__Exercise instructions__. Return exactly the lines of the records below, starting at the line that contains "Size: 1000x1508 |" and ending at the line that contains "Spin Interaktywna miska", with both of those lines kept.
=== Record excerpts ===
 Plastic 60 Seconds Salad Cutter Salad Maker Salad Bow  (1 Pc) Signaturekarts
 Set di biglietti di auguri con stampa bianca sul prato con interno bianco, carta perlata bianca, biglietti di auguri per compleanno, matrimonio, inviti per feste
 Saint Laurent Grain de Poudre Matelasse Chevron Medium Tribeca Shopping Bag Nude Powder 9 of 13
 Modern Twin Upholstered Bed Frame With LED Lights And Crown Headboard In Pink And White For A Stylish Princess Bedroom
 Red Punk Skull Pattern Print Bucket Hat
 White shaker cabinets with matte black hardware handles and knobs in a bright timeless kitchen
===
=== Record excerpts ===
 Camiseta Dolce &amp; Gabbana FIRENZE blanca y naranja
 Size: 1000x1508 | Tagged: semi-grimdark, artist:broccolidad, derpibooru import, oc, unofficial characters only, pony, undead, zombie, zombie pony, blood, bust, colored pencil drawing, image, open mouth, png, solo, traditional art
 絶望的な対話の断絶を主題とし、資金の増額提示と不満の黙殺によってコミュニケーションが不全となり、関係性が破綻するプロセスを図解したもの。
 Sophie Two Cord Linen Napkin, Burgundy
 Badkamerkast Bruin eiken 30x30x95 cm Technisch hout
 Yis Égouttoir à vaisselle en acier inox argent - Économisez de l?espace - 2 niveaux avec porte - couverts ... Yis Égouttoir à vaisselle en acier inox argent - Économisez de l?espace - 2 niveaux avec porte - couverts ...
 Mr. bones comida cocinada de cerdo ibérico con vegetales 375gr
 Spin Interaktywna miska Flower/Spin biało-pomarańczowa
===
__Task response__.
 Size: 1000x1508 | Tagged: semi-grimdark, artist:broccolidad, derpibooru import, oc, unofficial characters only, pony, undead, zombie, zombie pony, blood, bust, colored pencil drawing, image, open mouth, png, solo, traditional art
 絶望的な対話の断絶を主題とし、資金の増額提示と不満の黙殺によってコミュニケーションが不全となり、関係性が破綻するプロセスを図解したもの。
 Sophie Two Cord Linen Napkin, Burgundy
 Badkamerkast Bruin eiken 30x30x95 cm Technisch hout
 Yis Égouttoir à vaisselle en acier inox argent - Économisez de l?espace - 2 niveaux avec porte - couverts ... Yis Égouttoir à vaisselle en acier inox argent - Économisez de l?espace - 2 niveaux avec porte - couverts ...
 Mr. bones comida cocinada de cerdo ibérico con vegetales 375gr
 Spin Interaktywna miska Flower/Spin biało-pomarańczowa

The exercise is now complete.